Resulta sempre difícil defender a liberdade da crítica e lamentar ao mesmo tempo o uso que dela é feito em determinados espaços de comunicação. Mas existe uma diferença muito grande entre aceitar as opiniões dos outros, por mais avessas que elas possam ser às nossas próprias convicções, uma diferença entre defender o direito à expressão de quaisquer pontos de vista, e admitir que tal seja feito recorrendo a meios de comunicação que, pelo seu prestígio e alcance, legitimam a incoerência dos argumentos e mascaram a falsidade ou a desonestidade das afirmações.
Convivo bem com a diferença, com a divergência, com a exposição serena mas convicta e bem argumentada de pontos de vista muito diferentes dos meus, mas aceito muito mal, e não me arrependo disso, a ignorância disfarçada de esperteza que finge ter fundamento o que não passa de fugaz atoarda.

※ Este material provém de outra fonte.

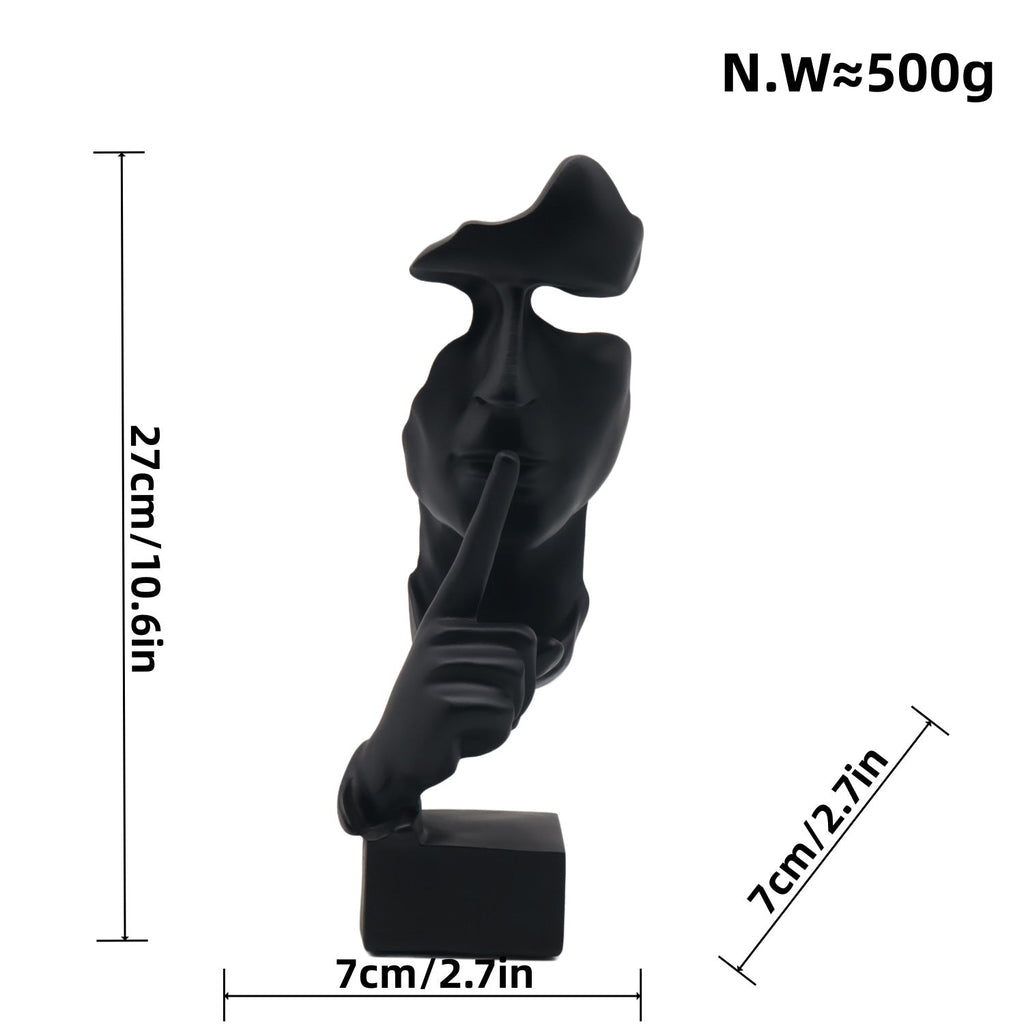 Artful Figure with Shy Girl Motif | High & Bury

Repugna-me a desonestidade camuflada de fajuta erudição e destinada a agredir ou a caluniar os outros, que arvorando o direito democrático de escrever o que se quer desconsidera a inteligência de quem lê. Contribuindo, com tais manobras, para a difusão da ignorância e da falta de respeito pelo princípio edificador da democracia que é o direito de cada um pensar e dizer aquilo que bem entender sem que tal o prejudique ou diminua perante os outros.
Quando, nos jornais, passo ocasionalmente os olhos pelas colunas regulares do padre Gonçalo Portocarrero d’Almada (no Público), de Henrique Raposo (no Expresso) ou de João César das Neves (no Diário de Notícias), entre outros de idêntica estirpe, lá caio invariavelmente nesta certeza: esta gente pode escrever o que lhe der na gana, desejando eu, do fundo do coração, que jamais lhes falte a sopinha na mesa e a possibilidade de gozarem uma velhice sossegada, mas não tem idoneidade intelectual, ética ou política para lhes serem oferecidas (pior ainda, para lhe serem pagas) tribunas tão privilegiadas. Porque agride a inteligência da esmagadora maioria dos leitores e inocula o veneno antidemocrático nos outros. Porque espalha lentamente, gota a gota, o vírus negro do fascismo, retirando credibilidade aos jornais idóneos que a acolhem.